2. For #1. Is it true that $\left\{ {i, - i} \right\} \subseteq R$?

For #2b. If $\left\{ {p,q} \right\} \subseteq S$ then because the mapping is onto we get $\left( {\exists r_p } \right)\left( {\exists r_q } \right)\left[ {f(r_p ) = p\,\& \,f(r_q ) = q} \right]$.
This means because R is commutative, $\left( {r_p * r_q } \right) = \left( {r_q * r_p } \right)$. Which means $p \cdot q = f\left( {r_p } \right) \cdot f\left( {r_q } \right) = f\left( {r_p * r_q } \right) = f\left( {r_q * r_p } \right) = f\left( {r_q } \right) \cdot f\left( {r_p } \right) = q \cdot p$

3. Originally Posted by Jason Bourne
2. Let R,S be rings and suppose $f:R \rightarrow S$ is a ring homomorphism.

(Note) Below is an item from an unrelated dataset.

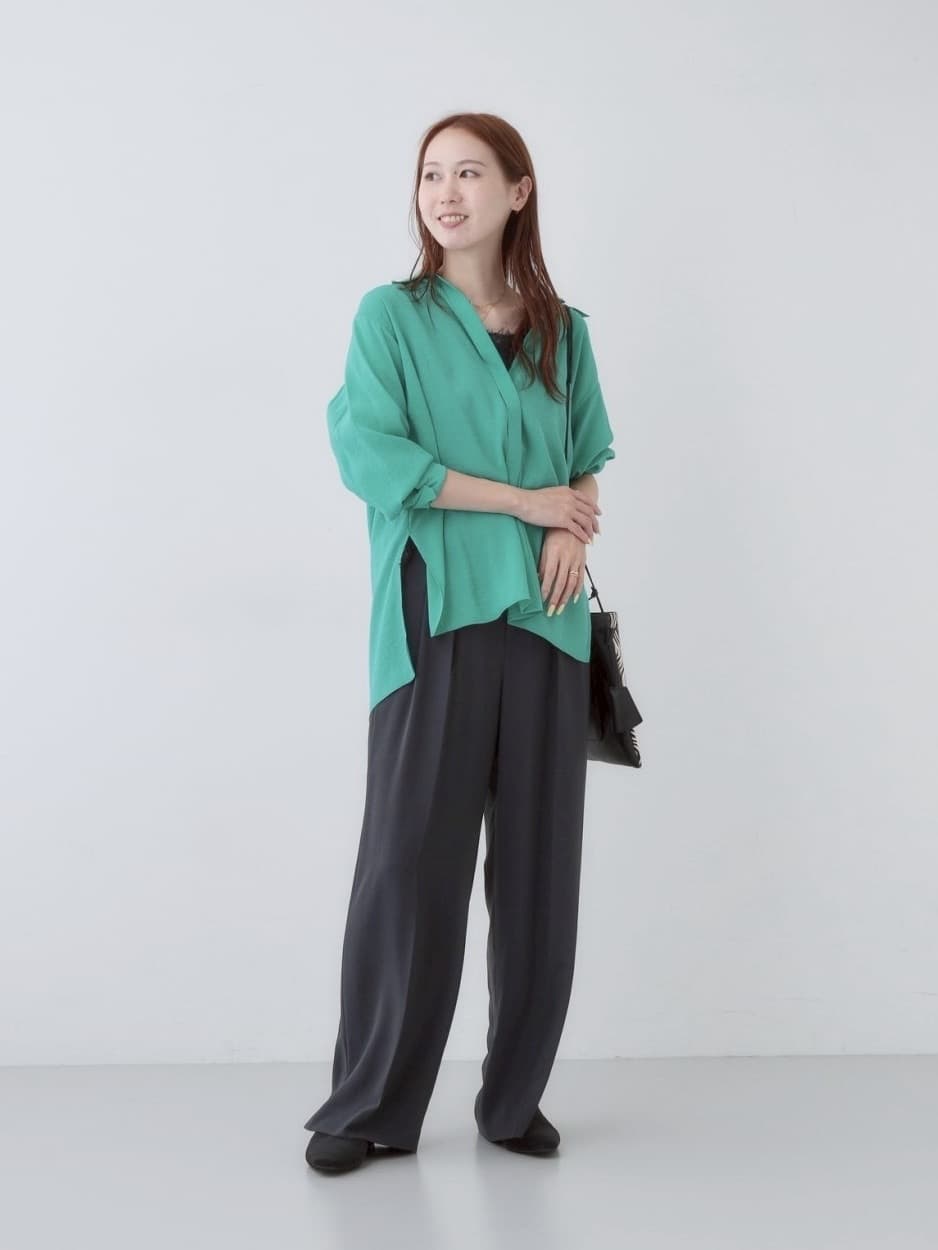 mitsukiさんの「INDIVI｜【着心地◎！】タックワイドパンツ」を使ったコーディネート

Suppose $im(f) = S$
(a) Show that if R has an identity element then S has an identity element.
Suppose that there exists an element $1$ such that $1x=x1=x$ for all $x\in R$. Then we claim that $f(1)$ is the identity element for $S$. We need to show $sf(1)=f(1)s=s$ for all $s\in S$. Since the function is onto it means $s=f(r)$. That means $sf(1) = f(r)f(1)=f(r1)=f(r)=s$ and similarly $f(1)s=s$.

(C) Is it true that if R is an integral domain then S is an integral domain? Justify your assertion.
No, it is not true. Let $R = \mathbb{Z}$ and $S = \mathbb{Z}_4$. For $x\in R$ let $f(x) = [x]_4$ to be the congruence class of $x$ mod 4. Then $f$ is a ring homomorphism and $\text{Im}(f) = S$ but $R$ is an integral domain and $S$ is not.